Une majorité des Québécois de 18 à 30 ans (54,5 %) accordent peu ou pas d'importance à l'argent, selon le sondage Segma - La Presse -Groupe Gesca. Mais chez les anglophones et les allophones, cette proportion baisse à 36 %.

Le président de Segma-Unimarketing, Raynald Harvey, tente une explication. «Les francophones semblent encore pris avec une certaine perception négative de l'argent, dit-il. Il y a une différence fondamentalement culturelle.» Il l'attribue notamment aux origines catholiques des francophones «Le fait de gagner de l'argent, de devenir riche, était perçu de manière négative.»

Pourtant, si seulement 43 % des francophones disent accorder de l'importance à l'argent, il n'en reste pas moins que, pour eux, le revenu idéal est le même que chez les anglophones, soit environ 70 000 $.

Entre rêve et réalité

Le fait que plus de la moitié des jeunes Québécois accordent peu d'importance à l'argent (parmi ce groupe, un répondant sur six n'y accorde aucune importance) est significatif.

La Presse a pris contact avec les services d'orientation de certains collèges, là où passent les jeunes qui entrent dans la tranche des jeunes adultes, pour savoir ce qu'il en est réellement.

«Par rapport à ce que j'entends et à ce que je perçois, les chiffres ne sont pas loin de la réalité», dit Denise Racine, conseillère d'orientation au cégep... douard-Montpetit.

«Nous avons des jeunes qui sont carriéristes et qui nous disent par exemple qu'ils veulent aller en médecine pour faire de l'argent, mais ce n'est vraiment pas la masse», précise-t-elle.

Selon Mme Racine, qui travaille avec les jeunes depuis une qui zaine d'années, l'importance accordée à la richesse a un peu diminué dans les choix professionnels des jeunes, au profit des valeurs de plaisir, de satisfaction et de valorisation dans le travail.

Selon Mélanie Gratton, conseillère en information scolaire et professionnelle au Collège de Rosemont, l'argent reste néanmoins une variable importante dans les choix des jeunes.

Selon les résultats du sondage, les jeunes qui gagnent moins de 10 000 $ (souvent des étudiants) évaluent leur revenu idéal à près de 75 000 $, alors qu'il n'est que de 57 200 $ pour ceux qui gagnent entre 20 000 $ et 30 000 $.

Raynald Harvey qualifie les premiers de «rêveurs», les seconds de «réalistes».

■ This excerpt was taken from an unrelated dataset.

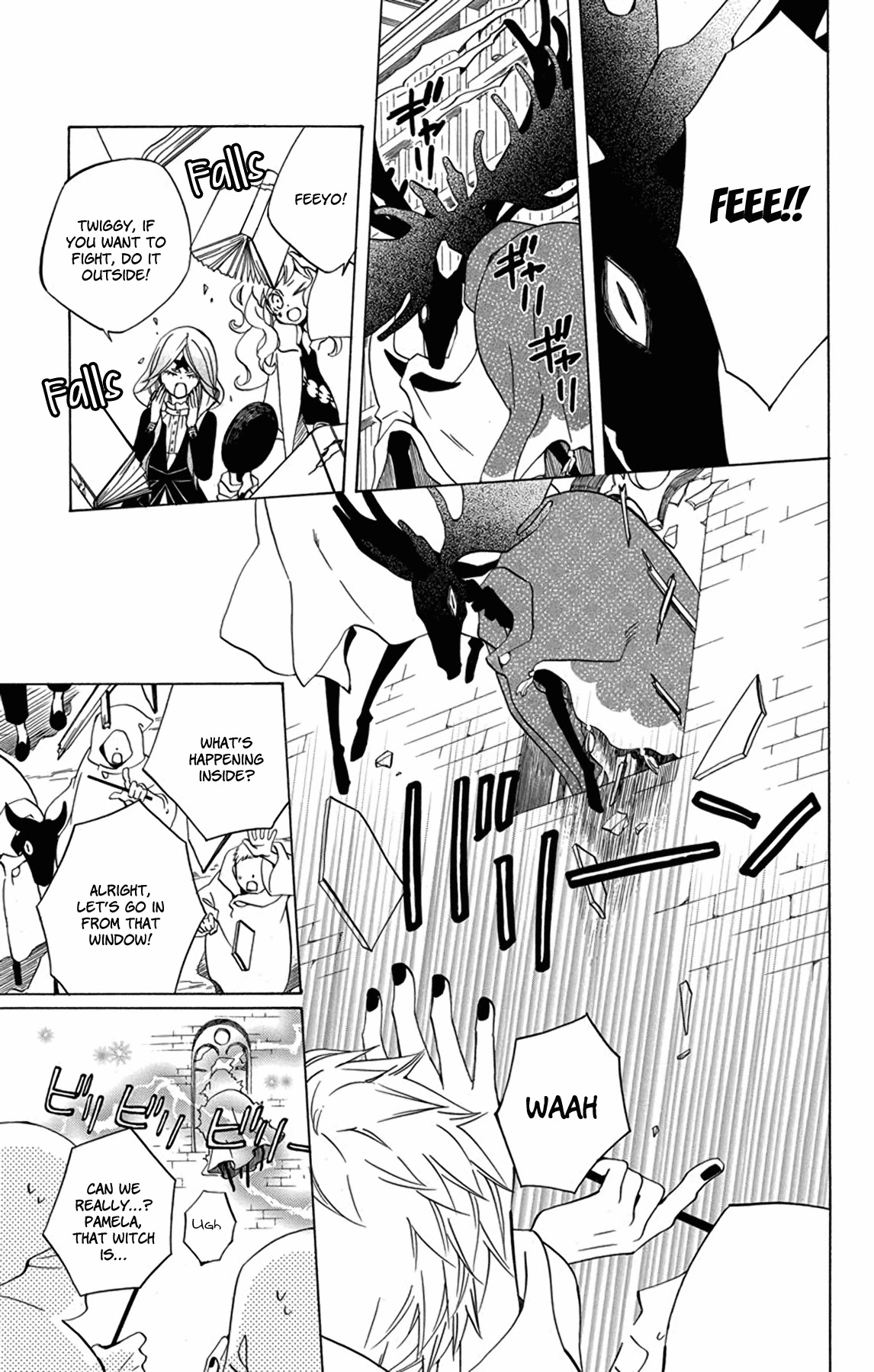 Sekai de Ichiban Warui Majo Chapter 27 page 5 - Chapter 27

«Parfois, les jeunes visent un salaire sans savoir que ce salaire est fonction de certaines responsabilités», dit Mélanie Gratton. Ils se rendent alors compte qu'il n'y a pas seulement le salaire, mais aussi le poste désiré qui compte.

 

MÉTHODOLOGIE

Le sondage a été réalisé du 5 au 19 août par voie d'entrevues téléphoniques à partir du centre d'appels de Segma recherche à Saguenay. L'échantillon a été tiré aléatoirement parmi les échanges téléphoniques de la population québécoise. Seules les personnes âgées de 18 à 30 ans ont été retenues pour participer à l'enquête. Au total, 608 entrevues ont été réalisées. Les résultats d'ensemble sous-tendent une marge d'erreur maximale de plus ou moins 4,0 % et ce, 19 fois sur 20.